Before Rhee heads to Charlotte, she will be taking her message to the Republicans in Tampa. Former Florida Governor Jeb Bush and former Secretary of State Condoleezza Rice are two of the panelists who will join Rhee in a discussion of the film.
Bush is one of many Republican politicians backing the StudentsFirst agenda. That's not surprising. Rhee's purported views on education do mirror the conservative mindset. No more teacher tenure, no more gratuitous, unearned soccer trophies for undeserving slackers, no more unions, more school choice for parents, and lots more charter schools.
Rhee's take no prisoners style in DC resonates with Republicans who are fed up with pouring billions into failing public schools. Rhee looks like the answer to their decades old prayers. She's won them over for sure.
Will education be the issue that links both parties? If so, is that a desirable outcome in the current political environment?
Four years ago candidate Obama praised the young DC Chancellor and, like Rhee, suggested "bad teachers" had to be weeded out. In fact, Rhee's reform policies match Obama's Department of Education's agenda to a tee.

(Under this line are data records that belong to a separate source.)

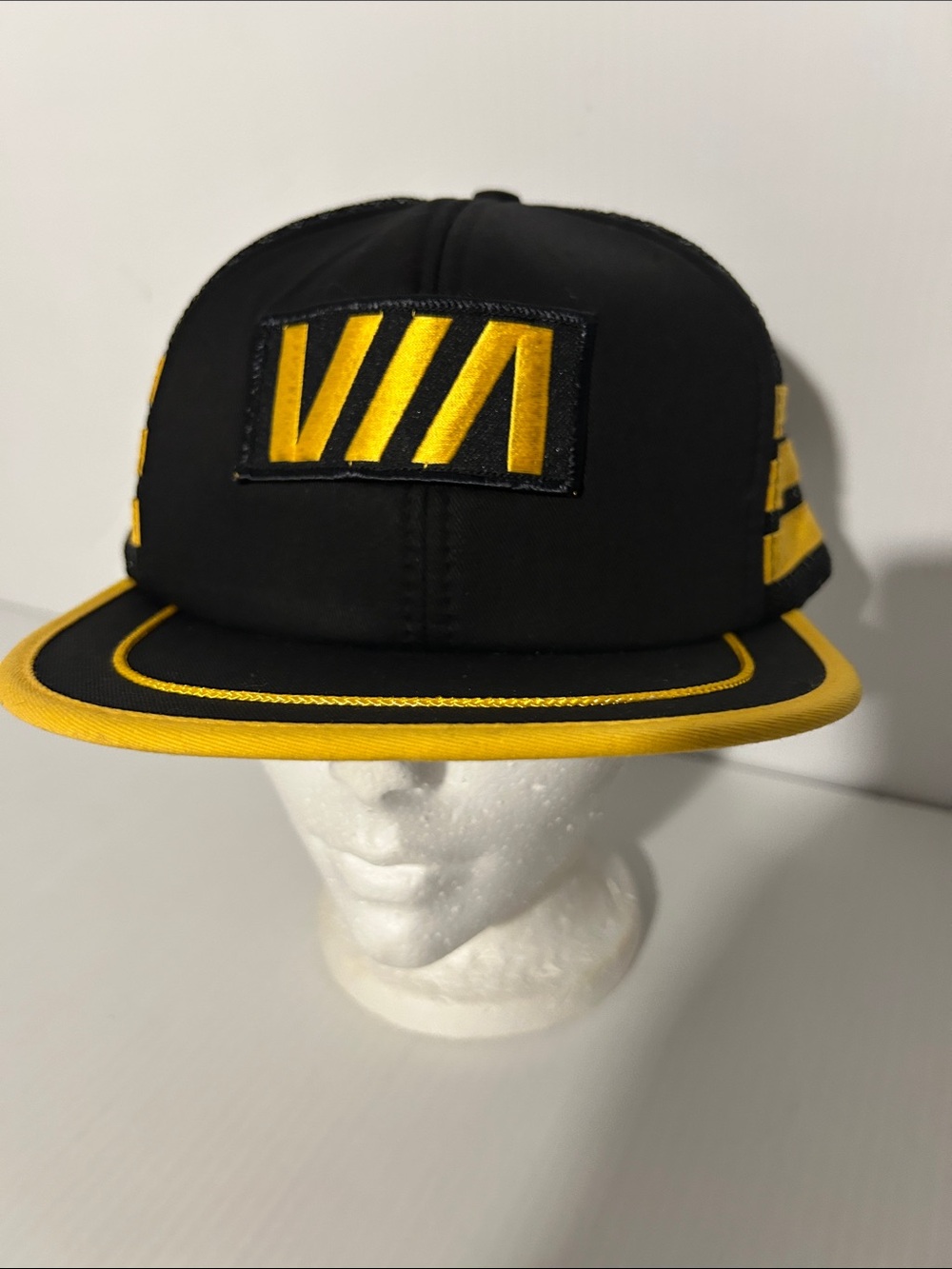 VIA  Vintage Trucker Hat mesh snapback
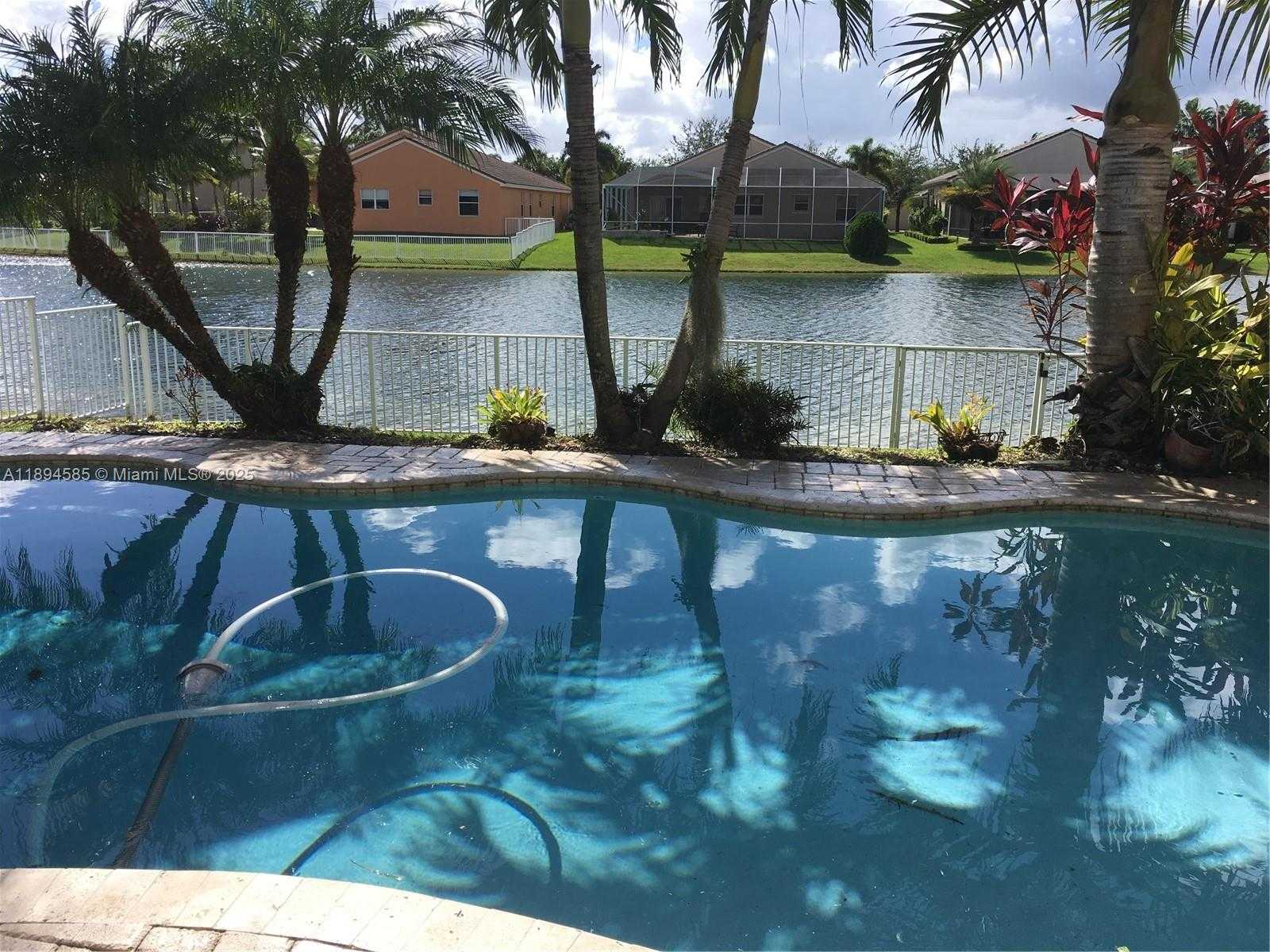 Small Image of 18580 SOUTH WEST 44TH ST, Miramar Number 35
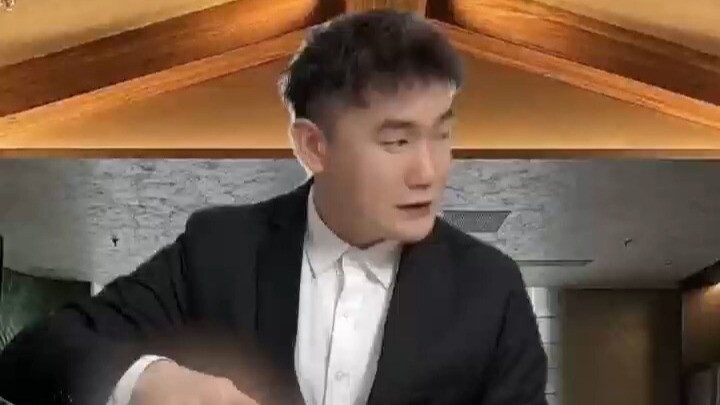 آداب الشرب على مائدة الخمر: عندما يعلو كأسي فوق كأس الأكبر سنًا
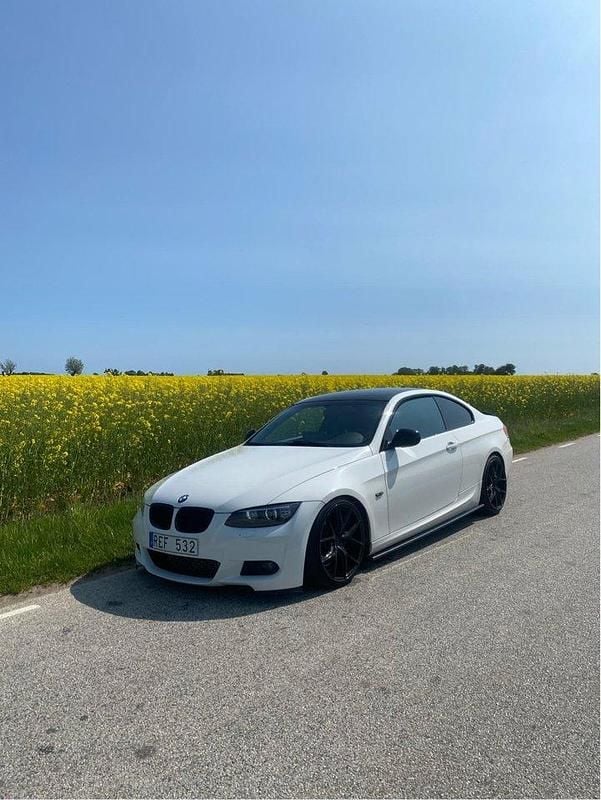 Vit Begagnad 2010 BMW 335 Sport Line Sportkupé | 189 000 kr (Dyr) - Bild 1/4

In turn, those on the left have suggested Obama's education policies are indistinguishable from both Presidents George H.W. and George W. Bush's. The Left says Secretary of Education Arne Duncan's policies are to the right of center while the Right warns of Marxist indoctrination from Duncan's boss.
With all this confusion, the question remains, is Rhee, the spokesperson of education reform, a Democrat or a Republican? Is she left-wing or right-wing? Does it matter?